With our bellies warmed with whiskey and bourbon (yes, there is a difference – all bourbons are whiskies, but not all whiskies are bourbons), it was time for lunch.  We made our way back to downtown Louisville for lunch at Against the Grain Brewery.  Lunch was preordered, so it was ready for us when we got there.  Though it was not included in the cost, we all decided to get a sample of their beer while visiting – also well worth it.  If you find yourself in Louisville, make sure you stop by for some of their beer as well as their brisket with a side of their Brussel sprouts.  They were delicious.

Next stop was a tasting at a distillery that was new to me – Kentucky Peerless Distilling, also in downtown Louisville.  They are a craft distillery that only uses sweet mash – fresh yeast, as opposed to reusing previously fermented yeast from other batches.  Our host there was very friendly and knowledgeable – she told us all about their history and processes, while also giving some insight into each of the whiskies we were trying.  We also found some nice red shirts for the other two guys in our group to purchase in the gift shop.  Sadly, they decided they were too cool for Team Target.

Finally, we made our way east of the city to the one I was most looking forward to: Kentucky Artisan Distillery, makers of Jefferson bourbon.  Though the facility was smaller than Bulleit’s, they also gave a pretty impressive tour – they even had some sour mash in open vats so that we can have a taste.  And don’t worry – they scooped it out.  I didn’t stick my nasty-ass hands in your beloved bourbon.  They also told us about one of the most interesting whiskey aging processes I have heard of – they stick a bunch of barrels on a ship that travels around the world for eight months a year, aging and mixing the whiskey as it goes from the Artic to the Equator along the ocean.  Jefferson’s Ocean had an interesting flavor as a result.  It was not my favorite of their offerings, but I was impressed with the creativity in aging and flavoring it.  You should set up a visit and try it for yourself. 

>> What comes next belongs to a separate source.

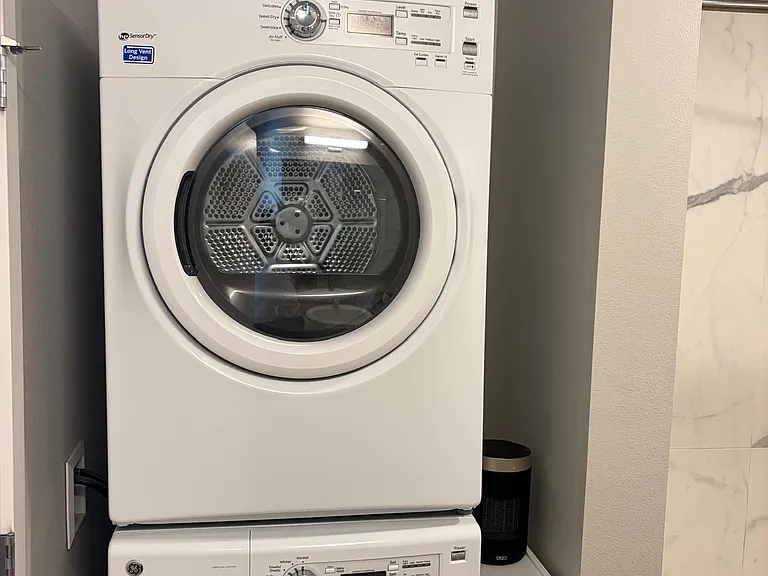 In-unit washer and dryer
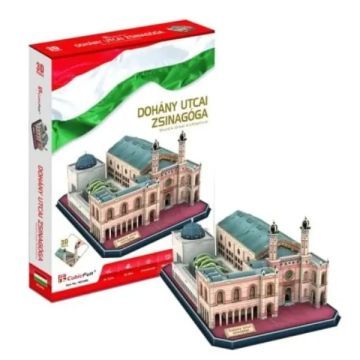 Cubic Fun: Dohány utcai zsinagóga - 94 darabos 3D puzzle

With our tours for the day over, Roger was still cool enough to drive us around a bit more.  We stopped at the Louisville Slugger Museum store so we could pick up some mini-bats (OK, weapons) for the kids.  After that, he brought us back home to drop off some of our things, so we could head out for the night unencumbered.  He then brought us to a cool bar he recommended: Holy Grale, a former Unitarian Church converted into an awesome bar with some great food.  Sacrilicious!